Germany, among other nations, has been actively working to update its guidelines. The Growth Opportunities Act (Wachstumschancengesetz), passed by the German parliament in March 2024, aims to bolster Germany’s economy and enhance its business attractiveness. This act includes proposed changes to Germany’s transfer pricing guidelines on intragroup financing to align them more closely with OECD (Organization for Economic Co-operation and Development) standards. The draft guidelines, proposed by the German Finance Minister, seek to provide clarity for taxpayers and businesses looking to establish a presence in Germany while also aiming to reduce the risk of non-deductible interest on intercompany loans.
The draft guidelines come with specific requirements. Companies must demonstrate their ability to service the loan for its entire duration, establish an economic basis for the financing, and ensure it will be used for business purposes. Notably, refinancing within a company group is viewed as an arm’s length transaction, not requiring immediate proof of full repayment capacity. Borrowing for profit distribution is generally considered compatible with a company’s objectives, and short-term placement of excess funds or “capital buffers” in intra-group cash pools can be deemed reasonable under certain circumstances, such as when accumulating funds for acquisitions. Even high-risk financing scenarios, common in sectors like startups, are not automatically considered unfair or unreasonable.

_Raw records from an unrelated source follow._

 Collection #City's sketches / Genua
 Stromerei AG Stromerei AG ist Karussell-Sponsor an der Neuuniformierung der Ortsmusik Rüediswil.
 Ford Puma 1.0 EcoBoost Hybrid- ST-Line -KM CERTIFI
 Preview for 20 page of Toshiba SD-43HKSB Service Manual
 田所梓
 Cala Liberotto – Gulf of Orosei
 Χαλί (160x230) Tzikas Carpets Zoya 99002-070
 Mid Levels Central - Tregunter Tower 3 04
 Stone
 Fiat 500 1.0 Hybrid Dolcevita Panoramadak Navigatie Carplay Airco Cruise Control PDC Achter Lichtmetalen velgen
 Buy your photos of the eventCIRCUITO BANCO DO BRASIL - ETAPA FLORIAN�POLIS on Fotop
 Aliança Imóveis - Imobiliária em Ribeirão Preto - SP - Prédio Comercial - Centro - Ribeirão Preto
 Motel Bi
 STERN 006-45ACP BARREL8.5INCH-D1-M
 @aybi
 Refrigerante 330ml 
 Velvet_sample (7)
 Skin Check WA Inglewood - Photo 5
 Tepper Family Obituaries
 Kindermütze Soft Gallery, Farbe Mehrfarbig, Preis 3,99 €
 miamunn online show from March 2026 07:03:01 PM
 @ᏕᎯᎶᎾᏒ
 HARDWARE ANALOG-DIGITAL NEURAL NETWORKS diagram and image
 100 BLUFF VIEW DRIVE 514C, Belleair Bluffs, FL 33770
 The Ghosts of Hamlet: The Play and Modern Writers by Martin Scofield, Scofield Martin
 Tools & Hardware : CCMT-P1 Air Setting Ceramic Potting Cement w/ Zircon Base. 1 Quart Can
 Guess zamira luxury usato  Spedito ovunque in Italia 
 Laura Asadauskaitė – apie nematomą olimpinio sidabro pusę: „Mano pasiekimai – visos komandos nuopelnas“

The draft applies to financing agreements made after January 1, 2024, with rules for pre-existing agreements taking effect from 2025 if they extend beyond December 31, 2024. In cases of non-compliance, the draft clarifies that interest expenses are non-deductible only to the extent they exceed the arm’s length portion rather than being entirely non-deductible.
A key element in the draft is the explicit mention of the comparable uncontrolled price (CUP) method as Germany’s preferred approach to benchmark intercompany financing. The draft emphasizes that risk and the authority to control the financing transaction are crucial in determining which entity should receive the interest income. This marks a departure from current German rules, which broadly classify intra-group financing activities as routine functions with low associated risks, compensated using a cost-plus method (CPM) (an approach not aligned with OECD guidelines).
There are notable differences between Germany’s approach and that of the OECD, particularly regarding creditworthiness assessment. While the OECD focuses solely on the borrower, German legislature generally prefers to consider the entire group’s credit rating when determining the arm’s length interest rate. This discrepancy creates challenges for multinational entities operating in Germany and countries that adhere to OECD guidelines.
Transfer pricing remains a complex and dynamic function in international tax. Taxpayers face the challenge of adhering to both OECD and local tax authority guidelines. Germany’s case exemplifies this challenge, highlighting the need for ongoing surveillance in monitoring local updates and incorporating these nuances into transfer pricing studies.
Contact our Global Business Services team with questions on Germany’s updated transfer pricing regulations or any other international tax issue.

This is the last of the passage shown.